Then when the ATF later came to her house, Brooks had no idea where the Smith & Wesson or Taurus Judge firearms were. And so she called on Macon to ask where they were-an action strongly suggestive that she knew that Macon had possessed the two firearms. Why else would she think he knew where the firearms were?
Brooks's insistence that she herself had a lawful right to purchase and possess firearms was no defense to the charge, because these rights did not mean that she was free to share possession of a firearm with a known convicted felon like Macon.

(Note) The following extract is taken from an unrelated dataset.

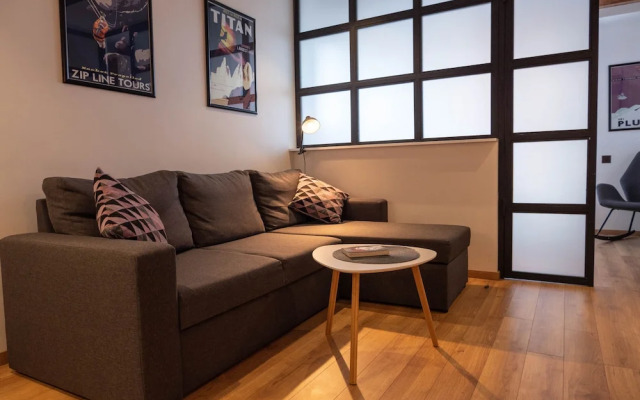 Atrium apartments in New Gudauri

The jury was instructed without objection that “[o]ne may possess an object without owning or having legal title of the object” and that “one may jointly possess an object with another person,” and that “[t]he law treats joint possession the same as sole possession.” So even if the jury fully credited Brooks's rights to purchase and possess firearms for herself, the jury had plenty of evidence to conclude that Brooks also acted with the intent to assist Macon's unlawful possession of firearms.
Doc. #212 at 7-8. The jury was also issued standard instructions concerning actual and constructive possession of a firearm. Id. at 7.

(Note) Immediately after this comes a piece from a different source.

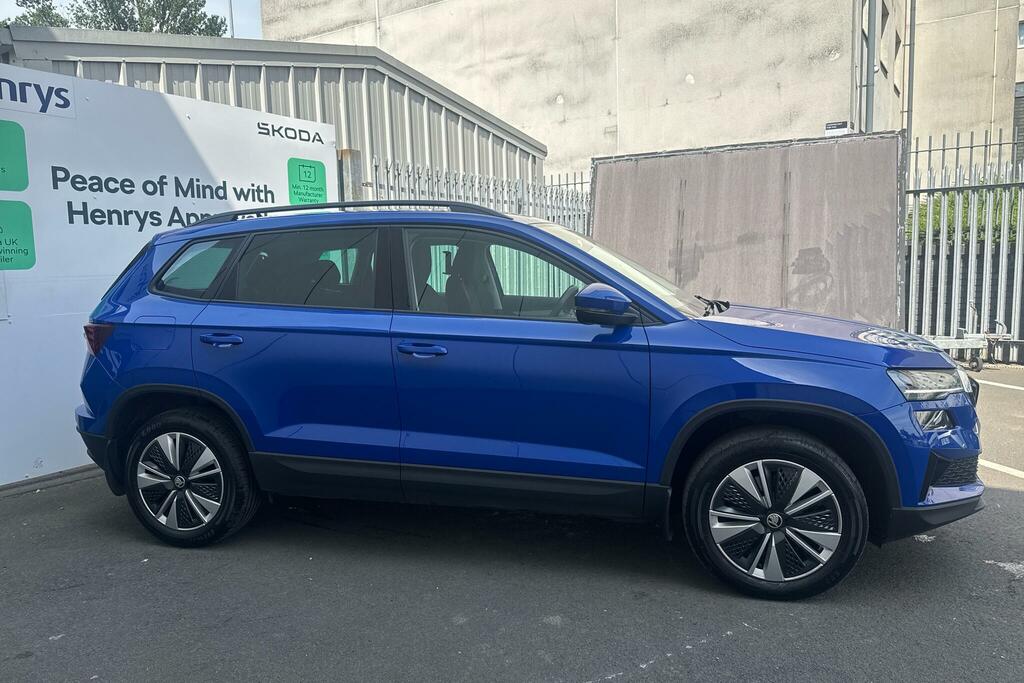 Skoda Karoq Karoq 2.0 Tdi Se Drive Lez Compliant 2373 Blue #4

In short, the evidence was legally sufficient to sustain the convictions of both Macon and Brooks. Accordingly, I will deny their motions for judgment of acquittal.
Motions for new trial
Rule 33 of the Federal Rules of Criminal Procedure allows a court to “vacate any judgment and grant a new trial if the interest of justice so requires.” Fed. R. Crim. P. 33(a). “Generally, the trial court has broader discretion to grant a new trial under Rule 33 than to grant a motion for acquittal under Rule 29, but it nonetheless must exercise the Rule 33 authority sparingly and in the most extraordinary circumstances.” United States v. Ferguson, 246 F.3d 129, 134 (2d Cir. 2001). The “ultimate test” for a Rule 33 motion is “whether letting a guilty verdict stand would be a manifest injustice.” United States v. Alston, 899 F.3d 135, 146 (2d Cir. 2018).
Photographs of Macon's possession of uncharged firearms
Macon moves for a new trial on the ground that he was prejudiced by the introduction of the still-shot photographs that were derived from the video at Rehnberg's gun store. All of these photographs were taken from the store's video which itself was admitted without objection at trial.
Gx8A-Gx8C (video); Tr. 113-16 (video admitted without objection at trial).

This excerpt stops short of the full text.